10-fold cross-validation accuracies (the accuracy values used to select best parameter and voxel sets). These result are obtained with Support Vector Machines (SVM), polynomial kernel, f(x) = 0.007(Φ(x). Φ(x') + 10)4, coefficient R = 1.0, and penalty parameter C = 15. The 10-fold cross validation accuracy peaks with 1500 voxels in 30 clusters

To select the parameter set for SVM and voxel clusters, three different types of schemas, focusing 1500 voxels in 30 clusters with at least 20 spatially connected voxels in each, were explored. Model accuracy for all assessments (F-measure, sensitivity, specificity) was 1.0, meaning that both groups were perfectly separable in a higher dimensional space, which had all 162 participants mapped by a degree-four polynomial kernel. The F-measure of LOO and 10xCV were 0.89 and 0.88, respectively. Sensitivity and specificity were 0.90 and 0.89 for LOO; 0.83 and 0.83 for 10xCV, respectively. Similar results for LOO and 10xCV indicated that the classification model build using 1500 clustered voxels appeared robust to the exclusion of either one or 10 subjects. 29 of 30 clusters showed significant features having p-value less than or equal to 0.002. All identified clusters and corresponding regions are detailed in the Fig. 7.

Fig. 7
figure 7

Regions that is used to classify cocaine-dependent and controls participants with the best accuracy. 1500 voxels in 30 clusters were identified. Figure shows sagittal sections of region-of-interests (ROIs) where 100 % model, 89 % LOO, and 88 % 10xCV accuracies were obtained. Red identifies clusters of increased regional cerebral blood flow (rCBF) in cocaine-dependent participants relative to controls. Blue identifies clusters of decreased (rCBF) in cocaine-dependent participants relative to controls. Slice numbers are in MNI coordinates. MNI coordinates of each cluster and images in axial planes are provided in the Additional file 1

Identified regions of interest

Of the 30 clusters used to successfully classify cocaine-dependent and control participants, 27 showed relative rCBF increases in cocaine-dependent compared to control participants and three showed rCBF decreases in cocaine-dependent compared to control participants (see Fig. 7; transverse images and MNI coordinates provided in Additional file 1). A large cluster in the left superior parietal gyrus, encompassing almost 20 % of the voxels used in classification, showed higher rCBF in the cocaine-dependent participants relative to controls. Other clusters of increased rCBF in the cocaine-dependent participants included the right and left pre- and post-central gyrus and cerebellum, the left transverse temporal gyrus, inferior parietal lobule, thalamus, parahippocampus, posterior cingulate, and cuneus, and right middle temporal gyrus, lingual gyrus and precuneus. Clusters with decreased rCBF in the cocaine-dependent participants, relative to controls, were restricted to the left lateral OFC and bilateral superior temporal cortex.

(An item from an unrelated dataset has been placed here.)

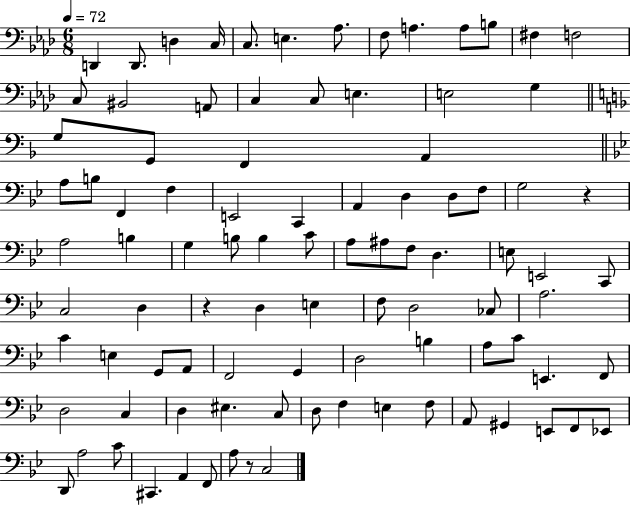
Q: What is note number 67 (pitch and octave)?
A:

It is shown that a machine learning framework based on SVM-based classifier and feature selection method and primarily supported with a density-based clustering tool successfully classified cocaine-dependent from healthy controls individuals with 0.89 LOO and 0.88 10xCV accuracies. Sensitivity, the ability to correctly identify those having the disorder, was 0.90. Given these high classification rates, determined by cross-validation, our final SVM model may offer insights into the pathogenesis of cocaine addiction.

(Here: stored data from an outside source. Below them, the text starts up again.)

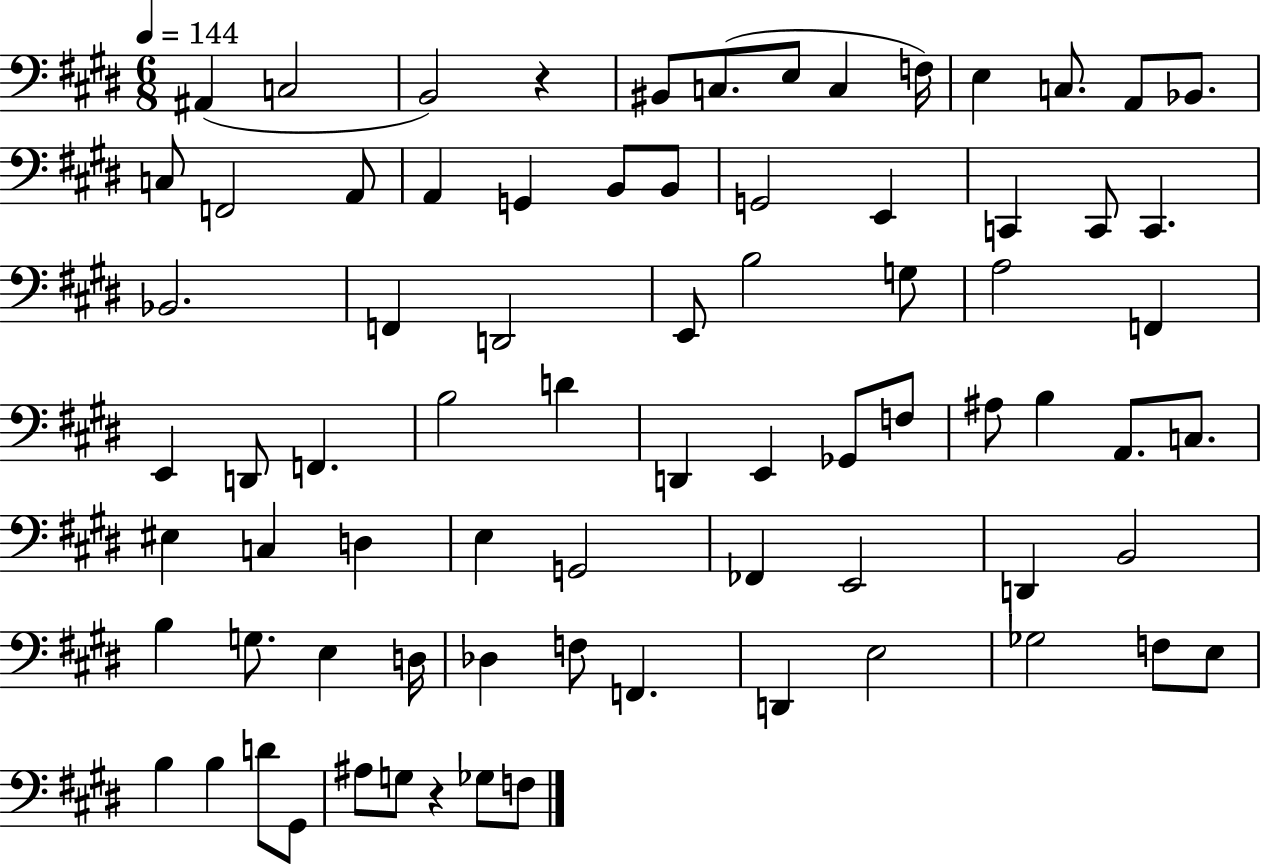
X:1
T:Untitled
M:6/8
L:1/4
K:E
^A,, C,2 B,,2 z ^B,,/2 C,/2 E,/2 C, F,/4 E, C,/2 A,,/2 _B,,/2 C,/2 F,,2 A,,/2 A,, G,, B,,/2 B,,/2 G,,2 E,, C,, C,,/2 C,, _B,,2 F,, D,,2 E,,/2 B,2 G,/2 A,2 F,, E,, D,,/2 F,, B,2 D D,, E,, _G,,/2 F,/2 ^A,/2 B, A,,/2 C,/2 ^E, C, D, E, G,,2 _F,, E,,2 D,, B,,2 B, G,/2 E, D,/4 _D, F,/2 F,, D,, E,2 _G,2 F,/2 E,/2 B, B, D/2 ^G,,/2 ^A,/2 G,/2 z _G,/2 F,/2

Several clusters successfully classifying cocaine-dependent participants and healthy controls are highly relevant to the addictive process, including regions relevant to cognitive control (e.g., superior parietal cortex) [43], default mode network related self-referential thought (e.g., posterior cingulate cortex, precuneus) [44], behavioral inhibition (e.g., lateral OFC) [45], and contextual memories (e.g., parahippocampal gyrus) [46]. Perhaps of equal note are some regions intimately associated with the addictive process that were not identified in the classification process (e.g., striatum, ventromedial OFC, dorsolateral prefrontal cortex, anterior cingulate cortex, and amygdala). Similarly, hyperactivity of prefrontal cortex in addiction subjects was reported in [47, 48]. In our attempt to limit false positives, at least 20 spatially connected voxels were required during feature selection. Thus, smaller–but physiologically relevant–clusters may have been missed. Conversely, a number of clusters important to our classification did not encompass regions typically associated with addictive processes, highlighting the potential importance of a theoretical statistical approaches for identifying relevant–but unexpected–brain regions. Our findings, therefore, highlight the importance of utilizing whole brain analyses to identify regions useful in discriminating persons with addictive disorders from healthy controls. SVM classification of resting state functional connectivity has also been used to successfully classify heroin-dependent subjects and healthy controls, although the study population was limited to 25 participants [49].

Although classification was conducted in a binary fashion, i.e. positive (cocaine-dependent) or negative (healthy control), brain alterations may occur over the course of an addiction and may differ depending upon disease severity. Thus, an extension of the SVM approach could consider probabilistic classifiers in the future, allowing the identification of specific subgroups of addicted patients (e.g., those at high of low risk of relapse or those at variable intensity of addiction). Pariyadath et al., for example, has recently identified resting state neural networks predictive of nicotine dependence using an SVM-based classification approach [50].

Strengths of our approach included a relatively large sample of cocaine-dependent participants at least 2–4 weeks abstinent, precluding the acute and withdrawal effects of cocaine that confound imaging studies conducted during the first several days of abstinence. Participants were without other active DSM-IV substance dependent (except nicotine dependence) or psychiatric disorders and were not taking psychotropic medications. The spatial resolution (6 mm reconstructed resolution Niall planes) of the SPECT, 4 × 4 × 4 cubic mm voxel size, and 20 voxel cluster restriction provided a minimum cluster size well within the resolution of our device. Potential limitations included the use of highly selective populations dissimilar from typical clinical populations that may limit the generalizability of our findings. Also, the use of both saline and resting scans offers a possible confound, although we have previously reported similarities in rCBF during both scan in Cohort I participants [23]. Another limitation is that the features selection algorithms, both of information gain and SVM-based feature selection, have not been tested on a completely new sample of test subjects (that is, subjects that were part of the feature selection training set). Note that this problem only regards feature selection steps, not the classification algorithm. The LOO and 10xCV approaches remedy this problem and classification algorithm run on an entirely different test subject set. The two groups differed in gender, age, and race, although consideration of these potential confounds may minimally affect the model. Since other demographic variables were not consistently obtained over the span of time used to collect the three cohorts, other potentially relevant confounds (e.g., other substance use, socioeconomic status, education) were not available for inclusion.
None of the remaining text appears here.